It was hard to say who was being put to the test more at UCLA's Schoenberg Hall on Saturday night -- Anonymous 4, or their fans.
Rather than remain on their comfortable, usually soothing Middle Ages turf, the four female singers leaped forward several centuries -- yes, even into the 20th and 21st -- in a Christmas program titled "Wolcum Yule."
Clearly a lot of thought went into the carefully conceived, symmetrical organization of material. Expertly accompanied by Alyssa Reit on a small Celtic harp on most numbers, the Anons divided the first half into four sequences in which each collection of traditional carols from the British Isles was topped off by a contemporary composition.

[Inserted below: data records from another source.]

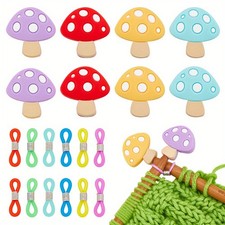 1box 48pcs Mushroom Silicone Knitting Needle Stoppers Knitting Needle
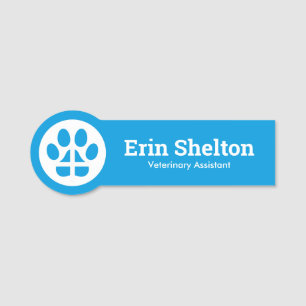 Etiqueta De Nome Assistente veterinário de impressão azul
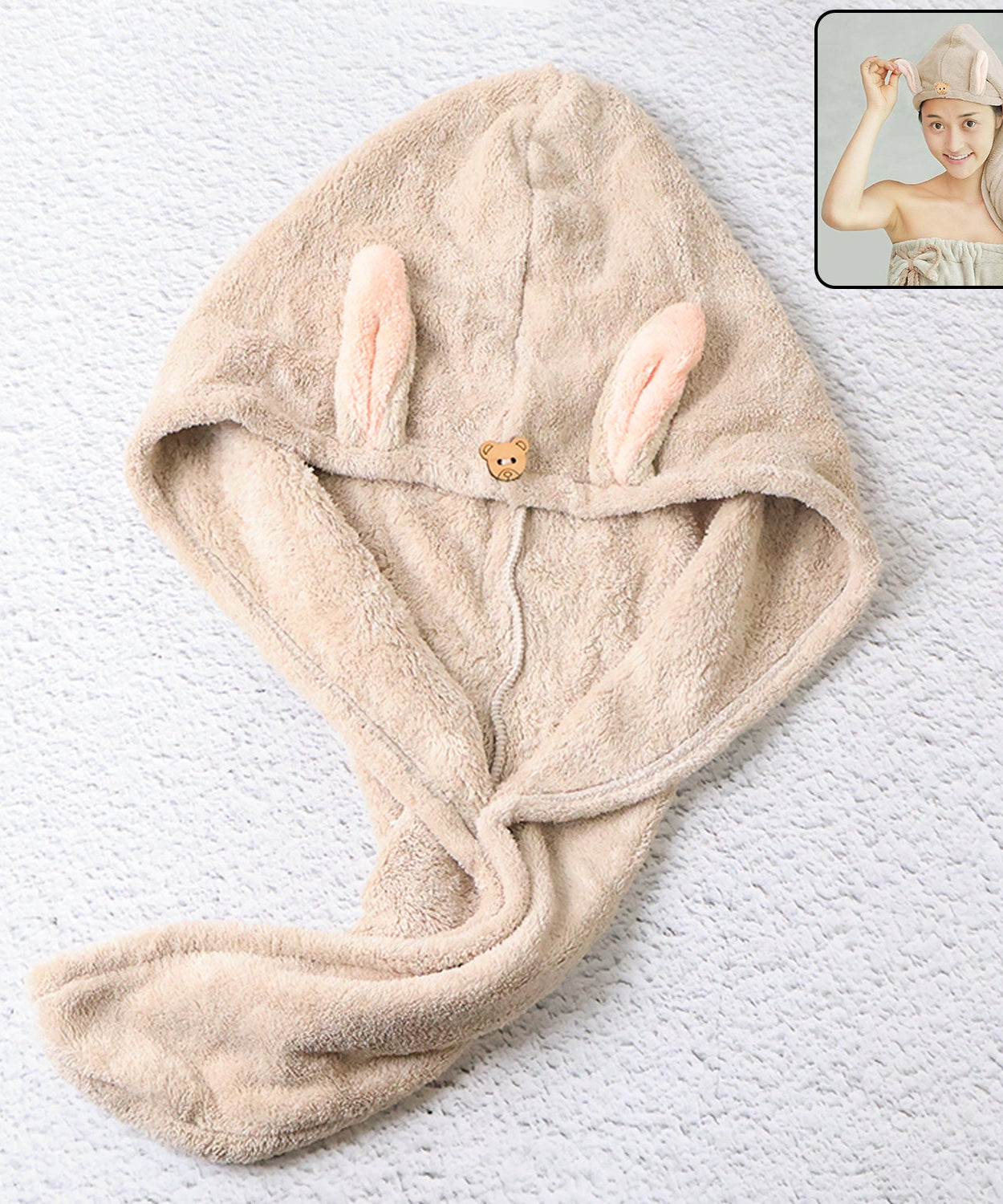 Cute Animal Ear Hooded Hair Drying Towel Wrap (1 Pc)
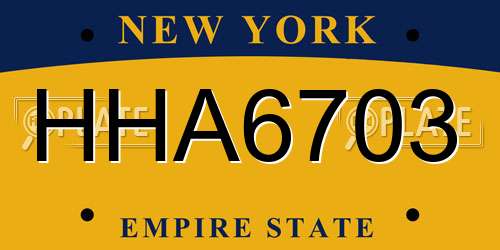 HHA6703 New York License Plate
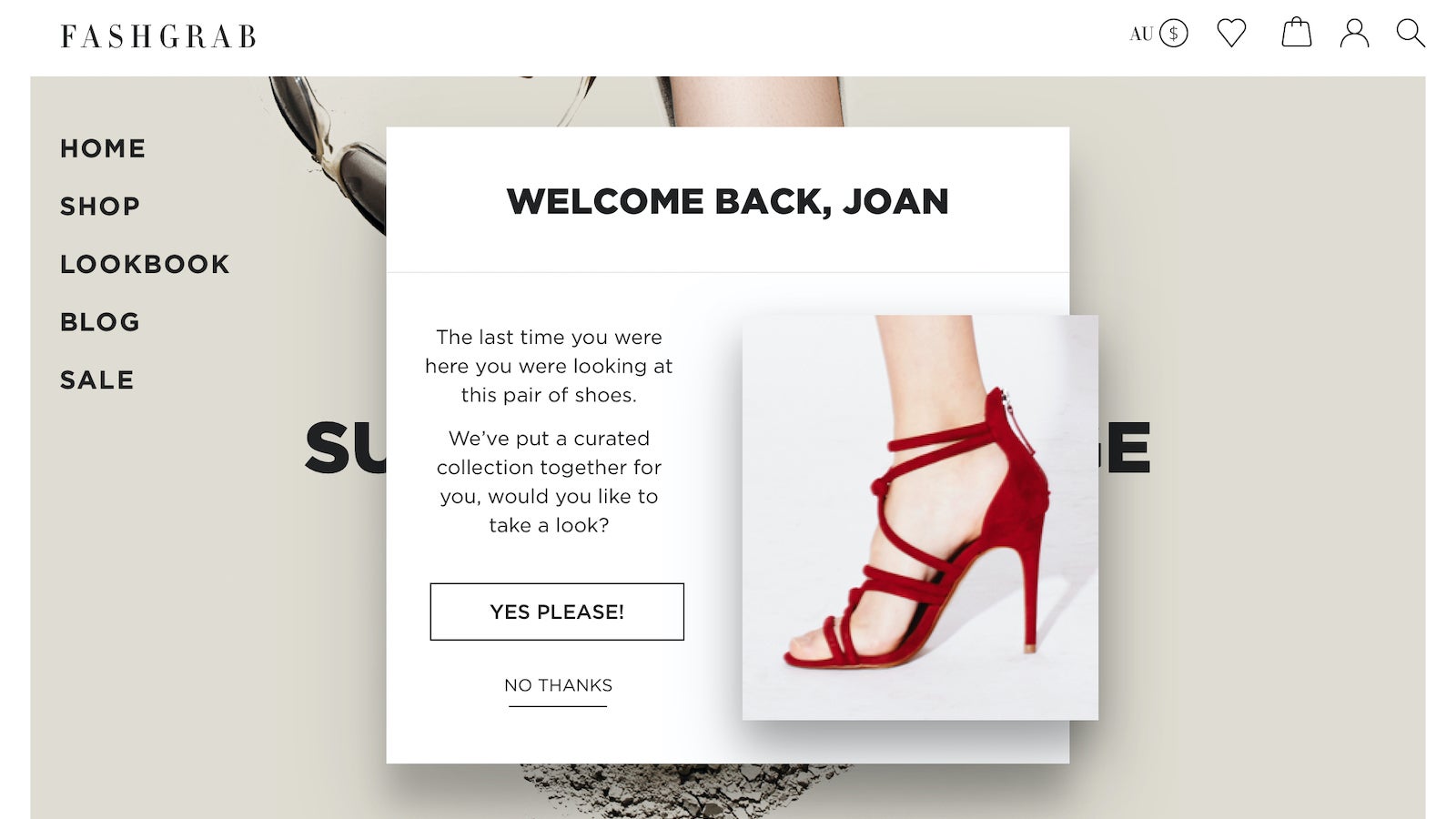 Personalised web page saying Welcome Back Joan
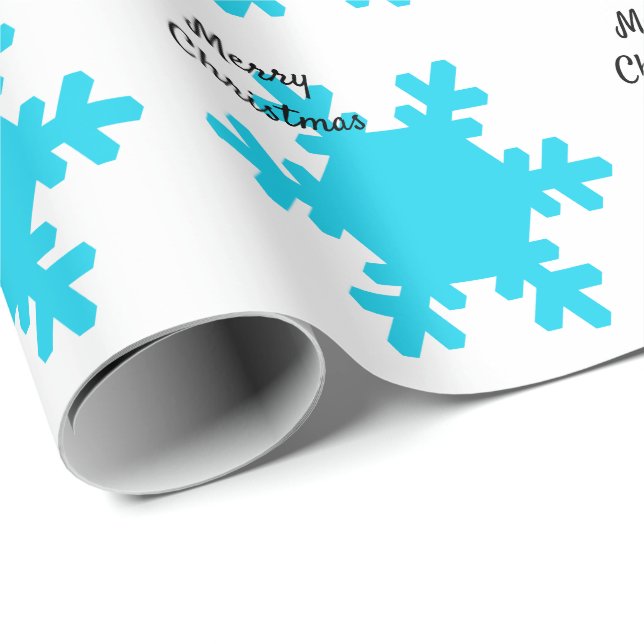 God jul Snowflake Mönster Blue White Presentpapper (Rullad Hörn)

Within the sequences were subdivisions -- harp interludes, solo features for each singer -- and recurring subjects (parts of the Scottish poem "Balulalow" were heard in no less than three settings throughout the evening). Of the newer material, the most startling departure from the Anonymous norm was Peter Maxwell Davies' "A Calendar of Kings," full of jarring, clashing harmonies and a haunted tone that set off some murmuring in the audience afterward.
Ultimately, the most lasting impression of the program was left by the endlessly inventive Benjamin Britten, whose exquisite "A New Year Carol" ended the first half and provided a foretaste of "A Ceremony of Carols" -- itself based upon medieval texts -- after intermission.
Though Britten wrote "Ceremony" with a boys' choir in mind, Anonymous 4 offered a less-innocent-sounding yet viable alternative, with sometimes swiftly paced, surprisingly impassioned results.